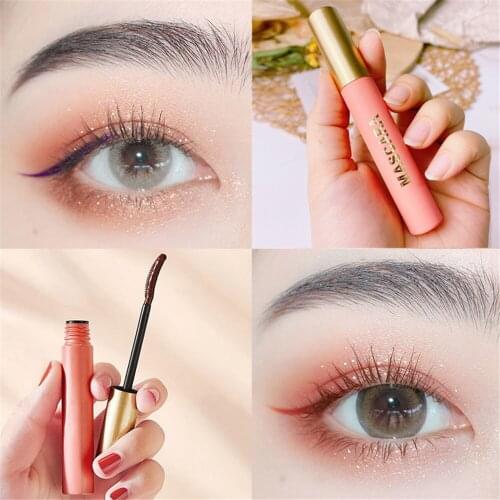 Eyelash Raincoat Curling Eyelash Primer Styling Liquid Natural Lasting Waterproof Long-lasting Non-smudge Mascara Curly Makeup
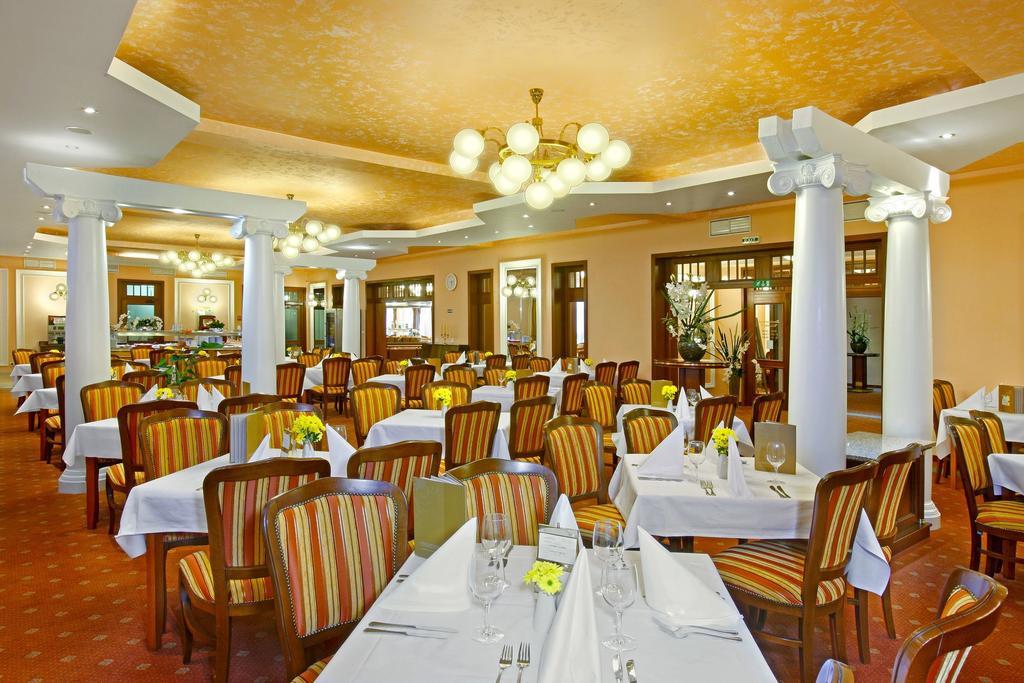 Ensana Centrální Lázně - Maria Spa Mariánské Lázně Exterior foto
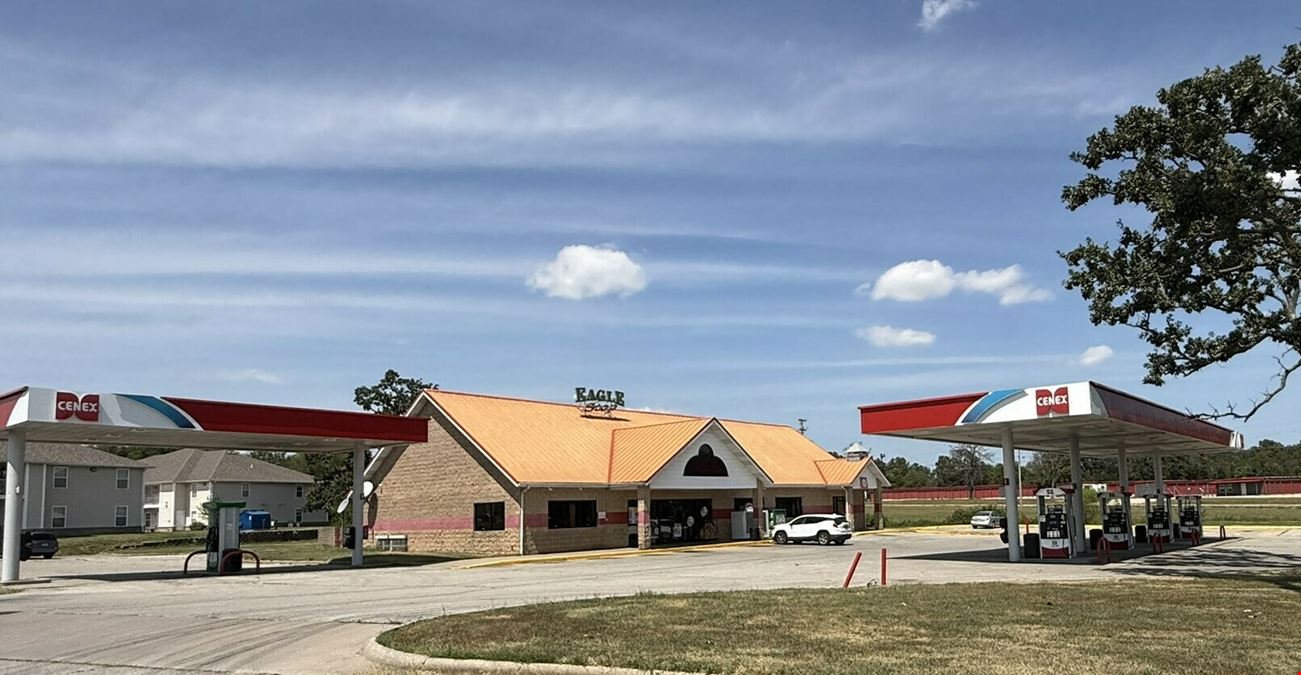 C-STORE / GAS STATION  FOR SALE IN AURORA, MO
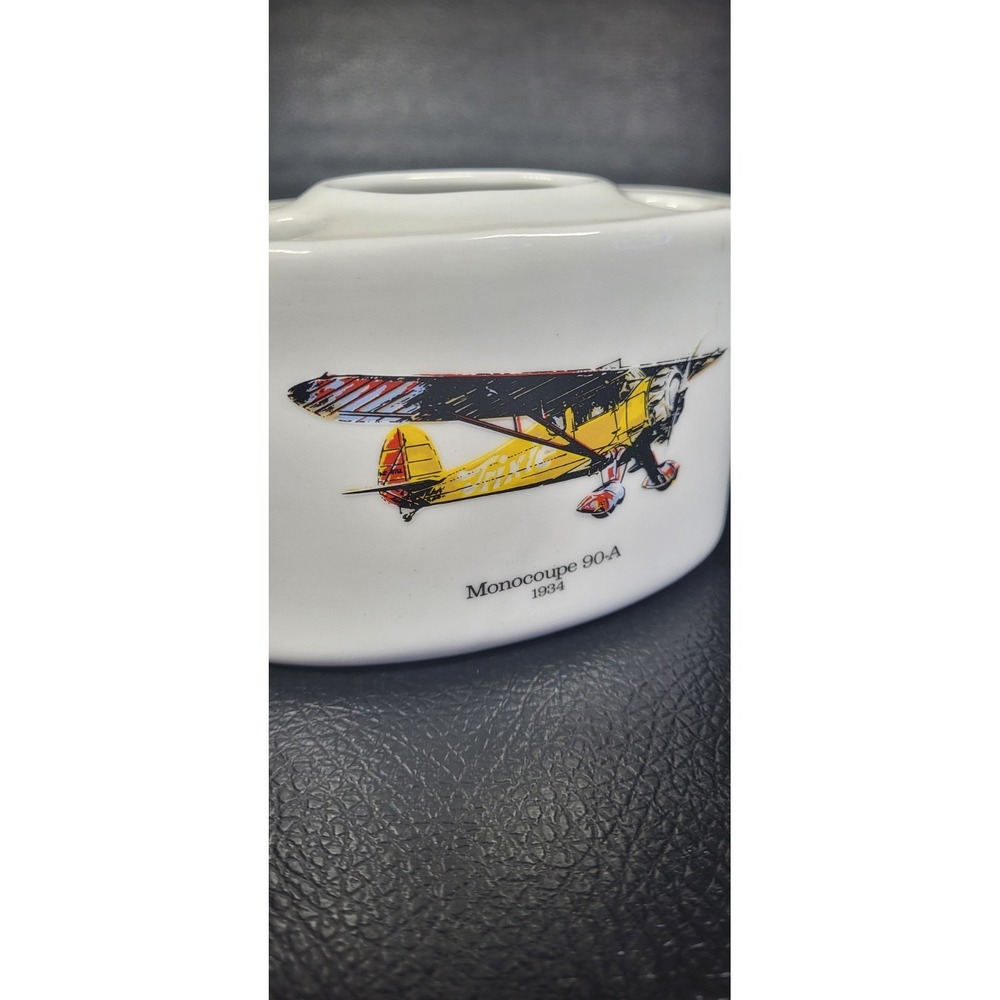 Vintage Desk Organizer  1934 Monocoupe 90-A Porcelain Mint Condition - Picture 8 of 8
____
Your instructions ▸ In your copy of the data above, leave out the pictures and repeat everything else exactly.

The completed task ▸
 Eyelash Raincoat Curling Eyelash Primer Styling Liquid Natural Lasting Waterproof Long-lasting Non-smudge Mascara Curly Makeup
 Ensana Centrální Lázně - Maria Spa Mariánské Lázně Exterior foto
 C-STORE / GAS STATION  FOR SALE IN AURORA, MO
 Vintage Desk Organizer  1934 Monocoupe 90-A Porcelain Mint Condition - Picture 8 of 8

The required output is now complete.